In the entries below, the lines from the one with "VIntage Bakelite &" through the one with "Hawaiian Plumeria Lei" are to be copied exactly; both ends count.

◆ INPUT MATERIAL
########

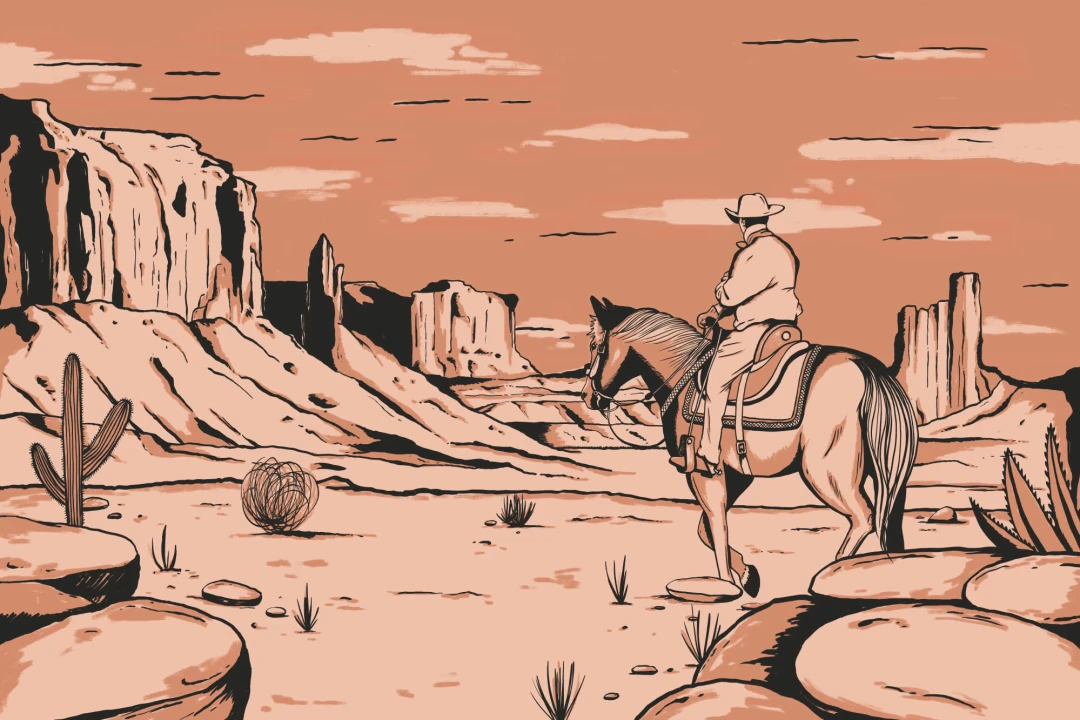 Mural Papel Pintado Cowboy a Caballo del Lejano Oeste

########

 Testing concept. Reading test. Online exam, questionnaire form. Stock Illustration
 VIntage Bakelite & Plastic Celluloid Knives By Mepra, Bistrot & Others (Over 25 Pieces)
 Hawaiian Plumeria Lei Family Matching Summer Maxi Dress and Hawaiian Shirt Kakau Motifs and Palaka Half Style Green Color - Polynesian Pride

########

◆ YOUR RESPONSE
 VIntage Bakelite & Plastic Celluloid Knives By Mepra, Bistrot & Others (Over 25 Pieces)
 Hawaiian Plumeria Lei Family Matching Summer Maxi Dress and Hawaiian Shirt Kakau Motifs and Palaka Half Style Green Color - Polynesian Pride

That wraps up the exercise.